“I wish I was a better actor”: why Kevin Costner regretted his inexperience while making ‘The Untouchables’

Between 1987 and 1991, Kevin Costner cemented his status in Hollywood as a leading man with a run of hit movies that included No Way Out, Bull Durham, Field of Dreams, Dances with Wolves, Robin Hood: Prince of Thieves, and JFK.

During that period, he went from rookie status to Oscar-winning actor and director, which is incredible when you think it all happened in the space of only four years. Costner’s ascent to the top arguably began with another film in 1987, though, one which he has fond memories of, but in hindsight regrets his inexperience at the time he landed the role.

Costner has always been honest about how green he was when he first made his way out to Hollywood in the early ’80s from his native Lynwood, California. He had been inspired to pursue acting by a chance encounter with Richard Burton on a plane in ’78 and wound up driving his truck out to Los Angeles without much of a plan of how to make it in the movie business. He told The Independent, “No one gave me a chance. I certainly didn’t know how it worked.”

Costner confessed to parking by a phone booth on La Brea or Sunset Boulevard and sleeping in his truck overnight because he just wanted to stay near the business. “I knew I needed to come into Hollywood every day – I just didn’t know where to go,” he chuckled.

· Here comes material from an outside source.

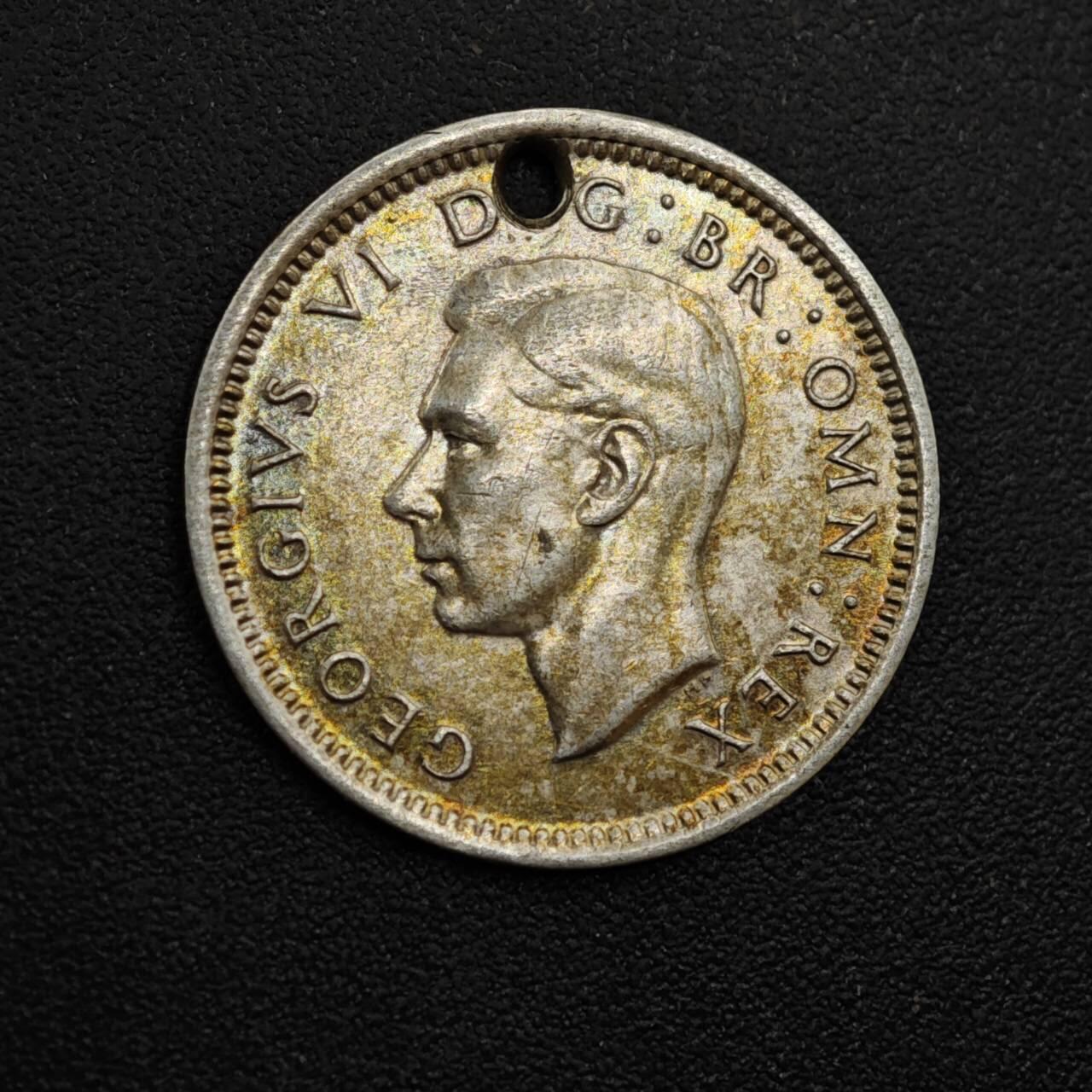 【淘币小摊】实时拍第八百一十八拍   散币小银币场   满百包邮可预留二周 每周一统一发货   英国1941年乔治六世3便士银币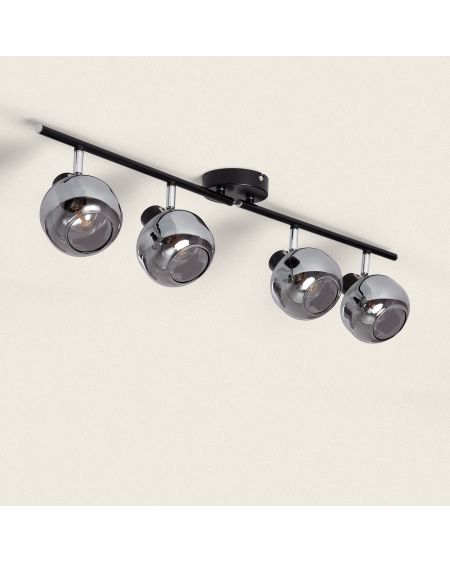 Plafonnier Orientable Métal et Verre 4 Spots Romsy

Through sheer force of will and a single-minded focus on his goal, the young star soon fumbled his way into small parts in movies like Sizzle Beach USA and Night Shift before the 1985 Western Silverado helped him break out. By the time he found himself cast as legendary federal agent Eliot Ness in Brian De Palma’s Prohibition epic The Untouchables, though, Costner had only starred as the lead in a handful of small movies. Suddenly, he found himself leading a big-budget crime movie opposite legends of the game like Sean Connery and Robert De Niro – but he still wasn’t overly confident in his acting bonafides. He needed help if he was going to keep his head above water.

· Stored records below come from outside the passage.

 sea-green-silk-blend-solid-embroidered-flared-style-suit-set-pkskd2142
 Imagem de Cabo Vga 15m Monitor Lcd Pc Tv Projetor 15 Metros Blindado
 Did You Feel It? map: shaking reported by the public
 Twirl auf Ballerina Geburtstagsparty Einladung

Credit: MTV Entertainment Studios

Thankfully, in 2024, Costner revealed that Connery – who starred in the film as Ness’ tough-as-nails Chicago cop mentor, James Malone, took him under his wing. He told GQ: “He always called me ‘Mr Ness.’ ‘Mr Ness, can I talk to you?'” he smiled, “We became friends.”

Costner recalled that Connery was particularly helpful when he struggled with some of his scenes opposite De Niro, who had been given license to chew the scenery with reckless abandon as the terrifying gangster Al Capone.

“My character was very straight-arrow, and Robert was able to jump off the page,” Costner explained in 2017. “I was trying to survive with my straight-arrow language against someone who was throwing a level of street language at me that had a level of improv to it. So, it was hard for me to survive in some of those scenes, and Sean talked to me a little bit about it.”

In his own head, Costner was sure that this inexperience with high-level Hollywood acting would make someone like Connery think less of him. Thankfully, this wasn’t the case at all, and Costner explained, “He was good to me. And I learned a lot because my eyes were open.”

Ultimately, Costner mused, “I wish I was a better actor when I did The Untouchables, but I was where I was at.”

Ultimately, Costner may have had a false impression of the limitations of his acting because his performance in The Untouchables is always cited as one of his best. For his part, Connery always maintained the mentor-mentee relationship that defined their characters was reflected in the actor’s real-life relationship.

It was obvious how much their time together meant to Costner when he paid tribute after Connery’s death in 2020 by saying, “He was the biggest star that I ever worked with, and I will be forever grateful to be linked with him on film.”